Upshaw estimates that the 750 pounds The Salvation Army distributed fed about 3,200 people. One of the groups who received the meat is Monday Night Dinners, a volunteer operation that initially began as a prayer group before branching out to a potluck dinner for people in low-income housing areas on a Monday night five years ago.

“The response was just overwhelming. We decided to do it the next Monday night. We’ve never stopped,” said Butch Young, one of the founders. “People ask me sometimes, ‘How long are you going to do this?’ Well, until God says, ‘That’s enough.’ Because he has provided the food.
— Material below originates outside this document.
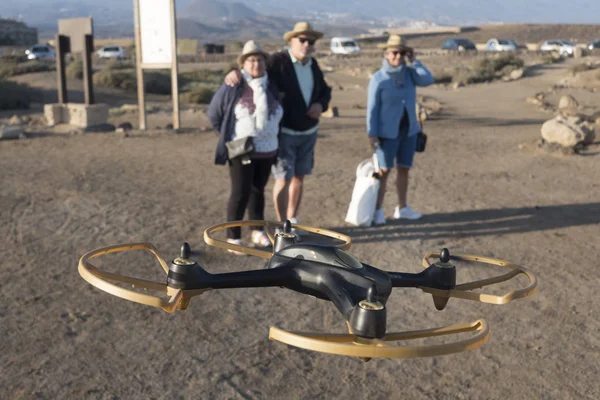 Modern technology drone with three elderly senior. Group looking at flying object in a parking.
He’s provided the people to bring the food. We rarely run out of food. We rarely have too much. And it seems to be orchestrated by the Lord.”

The group holds the gathering at the Narrows Inn, an old motel across from the ferry terminal that Young says is the least expensive place in town to live. Before each meal, someone delivers a short sermon. While the number of dinner attendees fluctuates, Young estimates the group feeds 30–40 people each week, with some people taking food home to their families.

The addition of the moose meat was welcome, and split between several freezers. It’s already been a hit.

“Talk about eyes light up—it’s probably because we’re in Alaska. People here love moose meat,” Young said. “It’s just one of those items that all of us appreciate.”

The group plans to continue using the remaining moose meat in dishes such as enchiladas, meatballs, chili, stew and a number of casseroles.

“It’s a blessing from God,” Young said. “When you’re involved in a problem like this, you always wonder where the next food is going to come from because it’s strictly volunteer, and to have the moose meat as a staple, it really helps. It’s a real blessing.”